Namun, beberapa minggu kemudian, Taliban telah merebut sebagian besar negara itu, serta semua senjata dan peralatan yang ditinggalkan oleh pasukan Afghanistan yang melarikan diri.
Video menunjukkan, Taliban yang mengusai Kabul pada Minggu 15 Agustus, memeriksa barisan panjang kendaraan dan membuka peti senjata api baru, peralatan komunikasi, dan bahkan pesawat tak berawak militer.
"Segala sesuatu yang belum dihancurkan adalah milik Taliban sekarang," seorang pejabat AS, yang berbicara dengan syarat anonim.
Pejabat AS saat ini dan seorang mantan pejabat mengatakan, ada kekhawatiran senjata itu akan disita oleh kelompok militan lain seperti ISIS, untuk menyerang kepentingan AS di kawasan itu, atau bahkan berpotensi diserahkan kepada musuh AS, termasuk China dan Rusia.
Pemerintahan Presiden Joe Biden sangat prihatin dengan 'jatuhnya' senjata-senjata tersebut ke tangan Taliban, sehingga sedang mempertimbangkan sejumlah opsi untuk mengatasi masalah ini.
Para pejabat mengatakan meluncurkan serangan udara terhadap peralatan yang lebih besar, seperti helikopter, belum dikesampingkan, tetapi ada kekhawatiran ini akan menyebabkan Taliban 'memusuhi' Amerika Serikat pada saat bersamaan.

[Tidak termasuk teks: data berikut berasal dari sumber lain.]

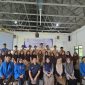 Mahasiswa Unpam saat foto bersama dengan dewan guru dan pelajar MA Darul Irfan usai sosialisasi mengenai bahaya Bullying. (Istimewa)
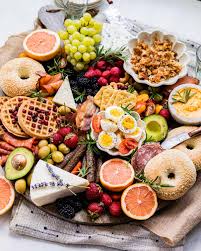 Deluxe Breakfast Charcuterie Board with Fresh Fruits, Pastries, and Cheese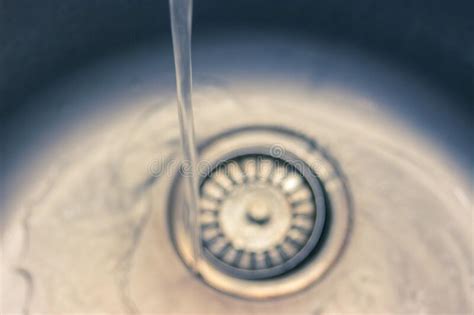 The Stream Of Water Flowing From The Tap In The Sink The Concept Of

Pejabat lain mengatakan, sementara belum ada angka pasti, penilaian intelijen saat ini meyakini Taliban mengendalikan lebih dari 2.000 kendaraan lapis baja, termasuk Humvee AS, dan hingga 40 pesawat yang berpotensi termasuk UH-60 Black Hawk, helikopter serang pengintai dan drone militer ScanEagle.
"Kami telah melihat pejuang Taliban yang dipersenjatai dengan senjata buatan AS yang mereka sita dari pasukan Afghanistan. Ini menimbulkan ancaman signifikan bagi Amerika Serikat dan sekutu kami," ujar politis Partai Republik Michael McCaul yang duduk dalam Komite Urusan Luar Negeri DPR AS melalui surat elektronik.